The Financial Services Commission said on the 15th that a bill to amend the Special Act on the Prevention of Loss Caused by Telecommunications-Based Financial Fraud and Refund for Loss, which allows the sharing of suspected information in finance, telecommunications, and law enforcement on the voice phishing information-sharing and analysis artificial intelligence (AI) platform launched in Oct. last year, passed the National Assembly's plenary session.
According to the amendment, the term "accounts suspected of being related to fraud" was newly created to include not only the fraudster's accounts but also "victim accounts" as subjects of information sharing. Until now, financial companies could share only information such as accounts used for fraud and accounts with suspected transactions to suspend payments from the fraudster's accounts. There was no explicit legal basis to share victim accounts.
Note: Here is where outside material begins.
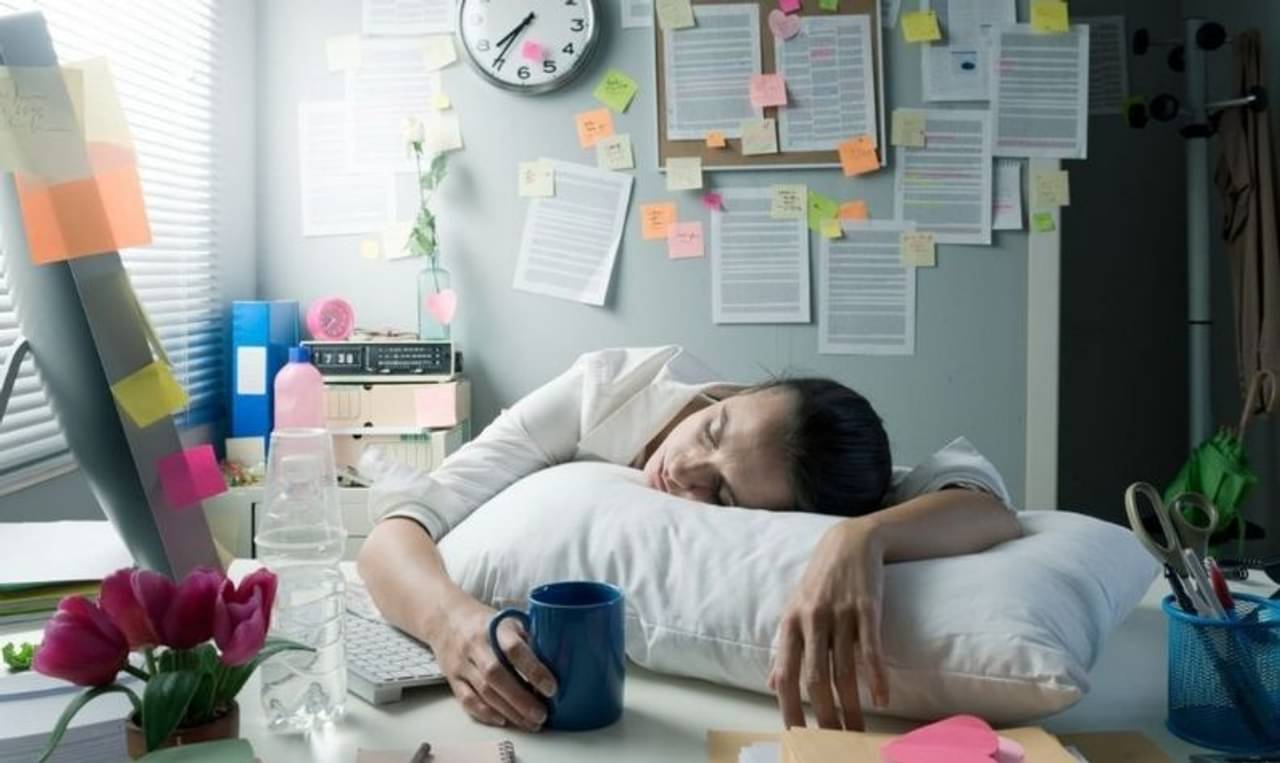 Power Nap: দিনের বেলায় পাওয়ার ন্যাপ নেওয়া স্বাস্থ্যের জন্য কতটা উপযুক্ত?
To ensure the safe operation of the platform (ASAP) that collects, analyzes, and shares suspected voice phishing information, the Financial Services Commission (FSC) can designate and announce information-sharing analysis institutions. The FSC plans to oversee them through various measures, including cancellation of designation, if an information-sharing analysis institution fails to fulfill its obligations.
To improve predictability, the items of information provided through ASAP were specified in detail, while allowing information-providing institutions to omit the data subject's consent when providing information to the information-sharing analysis institution. This reflects the recent characteristic of voice phishing to evade fund tracing by repeatedly transferring money to multiple accounts in a short period. The amendment is expected to take effect around July, six months after the law is promulgated.
An official at the Financial Services Commission (FSC) said, "Even in the secondary financial sector, where preemptive detection capabilities are relatively weak, it is expected that crime-linked accounts can be effectively subjected to payment suspension measures based on various new crime modus operandi data."